I have no idea why they call a “Texas Sheet Cake” a “Texas Sheet Cake”. My only idea is that the cake is as big as Texas. That is the only thing I can actually think of. I will tell you this, if Texas tastes anything like this cake, then I need to “go to there” immediately.
Although this cake seems easy and simple enough to make, and it is, I have never made a cake using the techniques that are used for making this cake such as melting the butter and the milk and adding it to the dry ingredients and pouring the frosting over a hot cake. I think these techniques are what makes the “Texas Sheet Cake” what it is. Before I use to look at it as a regular cake just made in a rectangular pan, but after tasting it my mind will forever be changed.
I think the Texas Sheet cake is great for picnics or just to have friends over. I must warn you, the frosting is very rich and sweet, but it is very, very good.
NOTE: There have been some complaints about this cake not coming out well for some people. I am putting this out there because I want to be transparent with my blog followers and visitors. I have tested this recipe exactly 3 times without any changes or alterations and it came out in the same consistency as you see in this picture. I have listed the links below as to where I have adapted these recipes and followed them down to the letter. I have even received good ratings from Tasty Kitchen from people that have made this cake and it turned out well for them:
If your cake is coming out gooey and flat, my suggestions is that your baking powder and soda may not be good, your oven may not be reaching the appropriate temperature, you may be opening the oven one too many times, or not allowing the cake to bake long enough. I love this cake and I hope that you grow to love it and share it with your friends and family. If you follow the recipe accurately, you shouldn’t experience any issues. You can even go to the websites where the recipe was adapted from for comparison. I hope this helps.
This cake recipe was adapted from “Taste of Home”
This icing recipe was adapted from “Paula Deen Texas Sheet Cake Chocolate Frosting”
- FOR THE CAKE:
- 1 cup butter (2 sticks), cubed
- 1 cup water
- 2 cups all-purpose flour
- 2 cups sugar
- 2 eggs, beaten
- ½ cup sour cream
- 1 teaspoon salt
- 1 teaspoon baking powder
- 1 teaspoon almond extract (you can use vanilla extract if you prefer)
- ¼ teaspoon baking soda
- FOR THE FROSTING:
- 1 cup Sugar
- ½ cups unsweetened Cocoa powder, Sifted
- ½ cups Milk
- 4 Tablespoons Butter, cut into cubes
- 2 Tablespoons Light Corn Syrup
- 4 cups Powdered Sugar, Sifted
- 2 teaspoons Vanilla Extract
- Preheat oven to 375 Degrees
- In a large saucepan, bring butter and water just to a boil.Once the butter has melted remove from heat. Next, add the flour, sour cream, sugar, salt, baking powder, baking soda, vanilla (almond) extract and eggs and mix to combine. smooth.

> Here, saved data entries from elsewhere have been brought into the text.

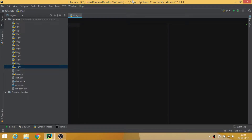Hey everyone, my name is Aronak and this is Python programming tutorials right from scratch. This is tutorial number 27 and in this tutorial I will be covering matplotlib. So what really is matplotlib? Matplotlib is a data visualization external module that is being used in Python.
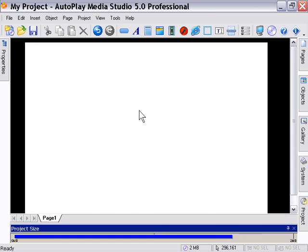And basically that's it for this lesson. I hope you guys are comfortable adding a shape plug-in object now and requiring dependencies for your content such as Macromedia Flash and QuickTime movies.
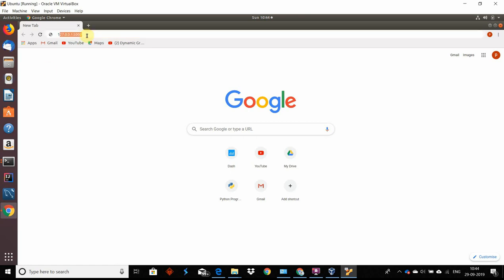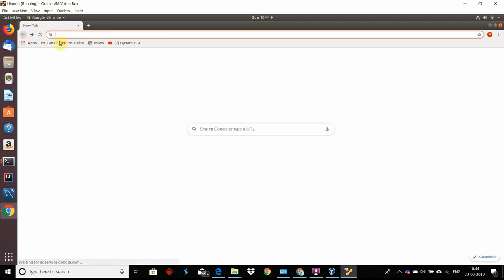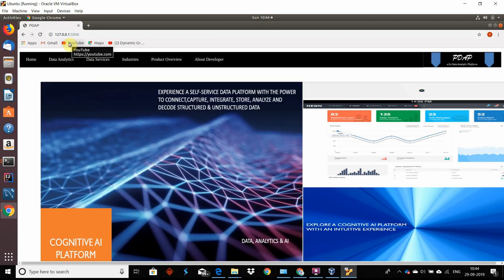So this is the first look at how PDAP would look. You can experience a self-service data platform with the power to connect, capture, integrate, store, or analyze and decode structured and unstructured data. This is a cognitive AI platform wherein we are integrating data services as well as data science together.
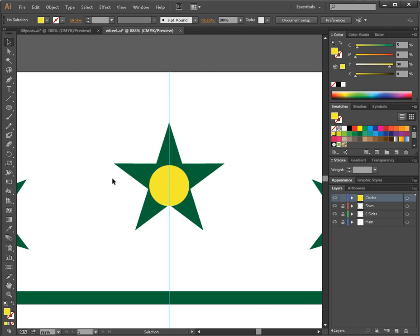In this video, I'm going to show you how to adjust how far an object moves in Adobe Illustrator when you press the arrow keys on your keyboard.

- Pour into a greased 15-in. x 10-in. x 1-in. baking pan. Bake at 375° for 18-22 minutes or until golden brown and a toothpick inserted near the center comes out clean. Cool for 20 minutes. The cake will still be somewhat warm.

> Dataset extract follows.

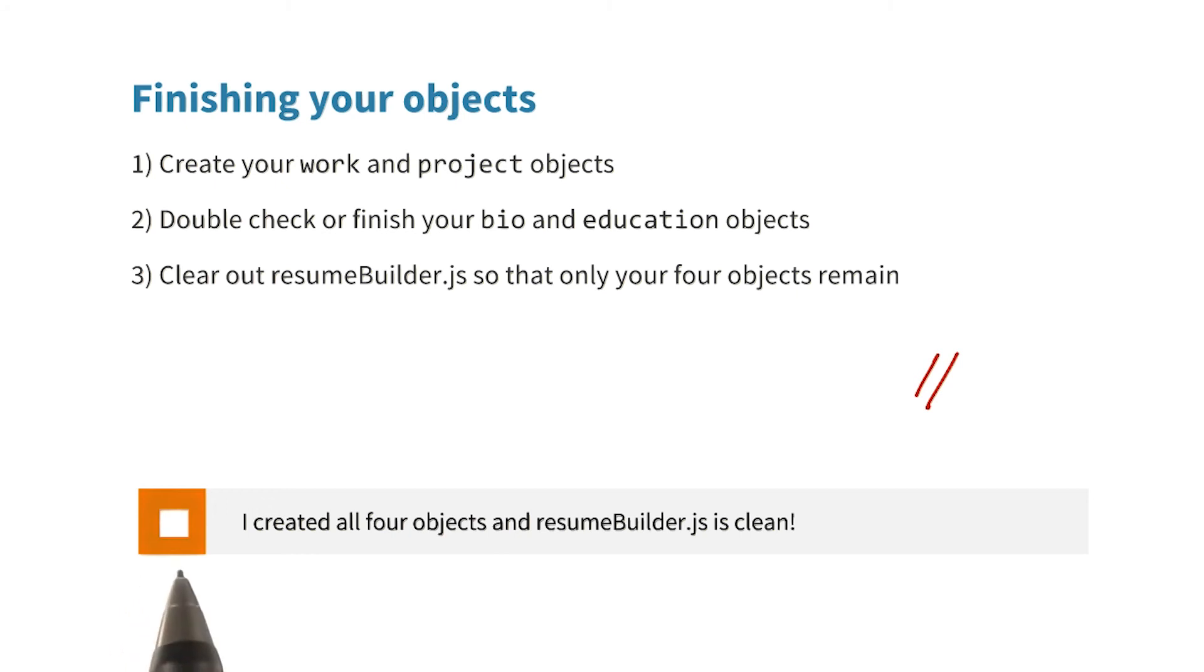Click this box once you've created your bio, work, projects, and education objects and either cleared out or commented out all of your previous code.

- NOTE: I used a 9.5X13 inch rectangle glass dish and baked my cake for about 30 minutes or until toothpick is inserted and comes out clean. But if you have a traditional jelly roll pan, use the 15X10 pan that the original recipe recommends. If you use the recommended jelly roll pan, your cake will come out a bit thin. I didn't want a thin cake. But its up to you.

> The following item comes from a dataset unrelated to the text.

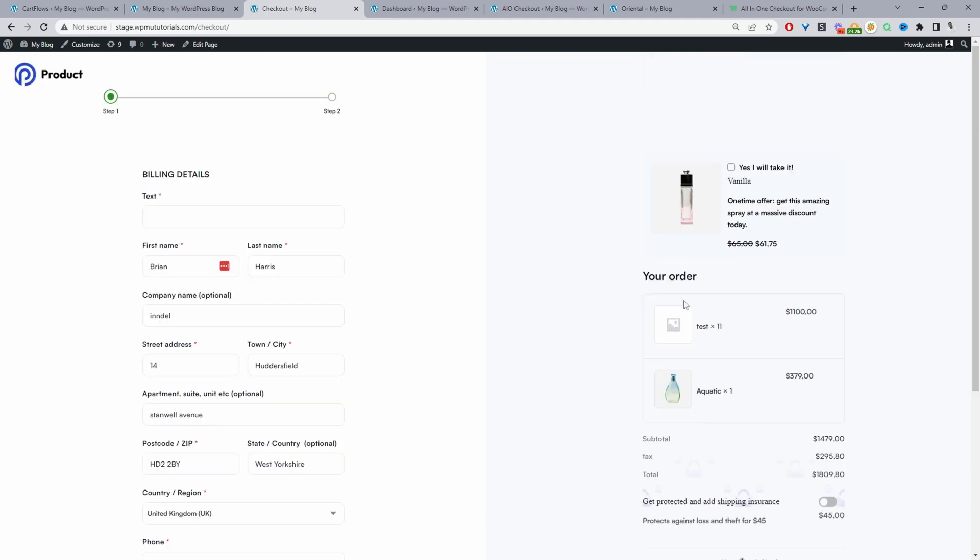If you wanted to create a similar upsell on your site, I'll leave a link to the particular video in the description below.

- For the frosting: In a large saucepan, whisk together the sugar and cocoa. Whisk in the milk. Then stir in the butter and corn syrup. Place the pan over medium-high heat and bring to a boil, whisking constantly. When the butter has melted and the sauce is slightly smooth, take the pan off the heat, stir in the confectioners’ sugar and vanilla.
- Pour the frosting on top of the slightly cooled cake (cool for 5 minutes). It may be a lot of frosting if you are using a 9X13 square rectangle pan( just a precaution). Allow the cake to cool with the frosting to completely set before serving.